I work at a pretty cool company wherein a lot of really talented folks are pretty accessible. Recently, while trying to figure out an dataset upload error in R that I was pounding my head about, I meandered up to our Chief Data Scientist to lament my n00b-iness. He just so happened to be temporarily stuck and pounding his fists about an RStudio error that was giving him fits.
Witnessing that in the wilds of the work of a bona fide data scientist gave me such a great sense of relief. It was true: even the pros get stuck on seemingly simple data science tasks!
During the Stanford SCI 01 course this past Spring our instructor, Mohammad, preached constantly about the frequency of errors even he received while working to solve problems with various datasets. (But when you’re sitting in class watching a data science pro code, debug, and re-code in real time as students hurl questions/challenges his way, that proclamation is tough to swallow.) The diligence of working through those errors in the context of a project is exactly the interstices of where learning happens. This is one of the many small stepping stones to becoming a data scientist.
Below I share the project my team and I worked on and presented as our final presentation. Before doing so, let me pause to say:
- Data Science is hard
- Data Science is still a relatively nascent field requiring a whole host of interdisciplinary skills
- I am not (yet) a data scientist
We spent 8 intense weeks diving deep into Correlation Analysis, Predictive Modeling, Multiple Linear Regression, Prediction Accuracy, Predictive Modeling Flow, Feature Selection, Classification, Distance Measures, Clustering, Web Scraping, Association Rule Mining, and much more! Even with such a rich syllabus and deep coverage, we still have a ways to go…
If you spend any time reading up on how to become a data scientist you’ll quickly find at least two things. One of those things is: DO DATA SCIENCE PROJECTS.
And that is exactly what this class was all about. Each week we had lab work. And the culmination of the course was presenting our team project. I was lucky enough to team up with two wicked smart women Jamie Castro and Nay Mintin. In the slides below I’ve tried to focus primarily on my contributions to our project. I’ve included a 2-3 slides from Jamie and Nay’s work – and those are labeled in the notes of the slide. Below I provide some additional context about the course and the project. But, first, here is an updated version of what our final presentation looked like:
For the final project each team had to select a dataset to work with. We had been equipped with all of the tools necessary to be able to do linear regression analyses and kmeans clustering. We had been equipped with practice and feedback on leveraging ggplot2 and plot.ly. Armed with this technology, our team selected a school shooting dataset.
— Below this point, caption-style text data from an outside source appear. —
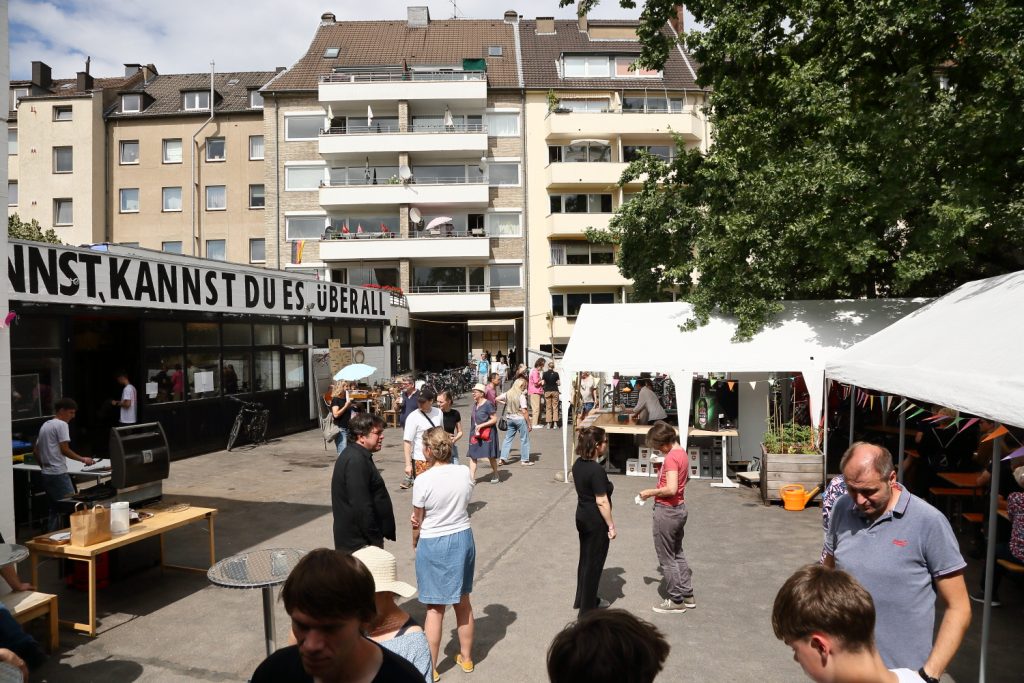 Der Außenbereich wirkt fast leer durch seine Größe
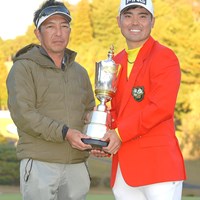 キャディさんとも記念撮影。 2023年 ゴルフ日本シリーズJTカップ 最終日 蝉川泰果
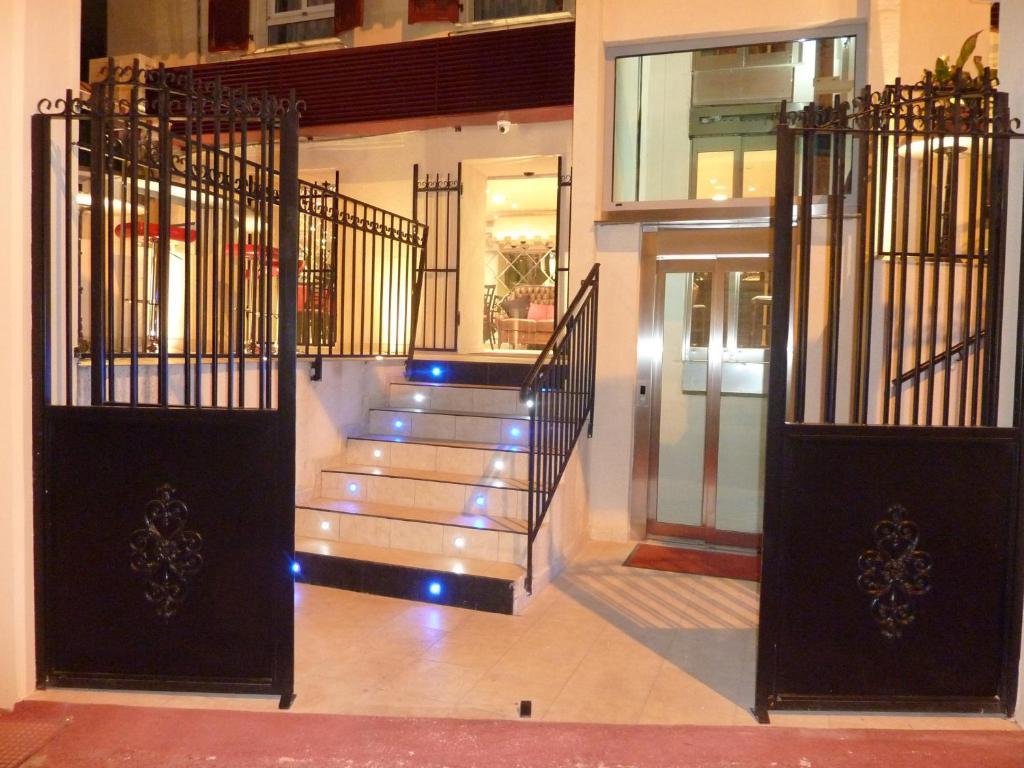 Hotel Villa Boeri Beausoleil Luaran gambar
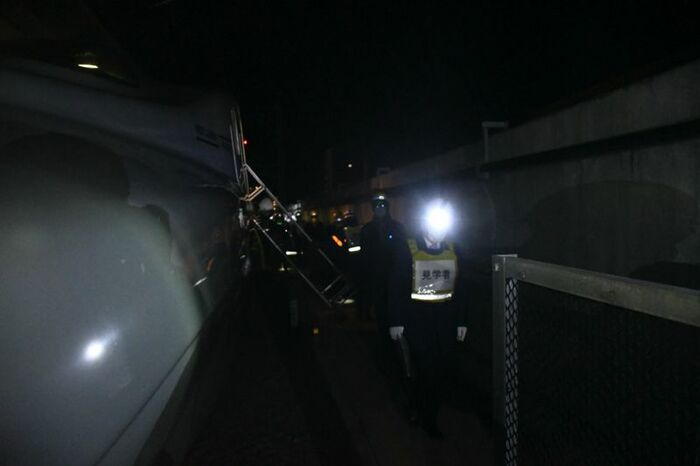 列車から下車した参加者たち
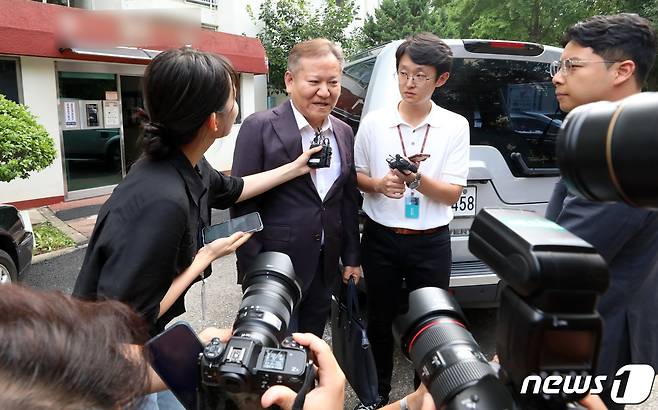 이태원 참사 당시 부실 대응 논란을 빚은 이상민 행정안전부 장관에 대한 탄핵소추안이 기각된 25일 오후 이 장관이 서울 압구정동 자택을 나서며 취재진의 질문에 답하고 있다. 이날 헌재는 9명 전원 일치 의견으로 이 장관에 대한 탄핵심판 청구를 기각했다. 2023.7.25/뉴스1 ⓒ News1 김성진 기자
One of the first things we quickly realized was: not all datasets are created equally. We likely could have chosen a cleaner (easier?) dataset to work with. Alas, once we chose our bed, we had to sleep in it. The tough thing about the dataset we selected was that it isn’t a clean dataset. It required a ton of clean up before we could even make use of it. This is one of the dirty little secrets about data science: there are selection biases, data and tools limitations, and a plethora of other indirect inputs that affect the outputs from the model(s). During our presentation we didn’t have much time to discuss this fact. But it was probably the most intensive and time consuming of our entire project – inclusive of all the coding errors!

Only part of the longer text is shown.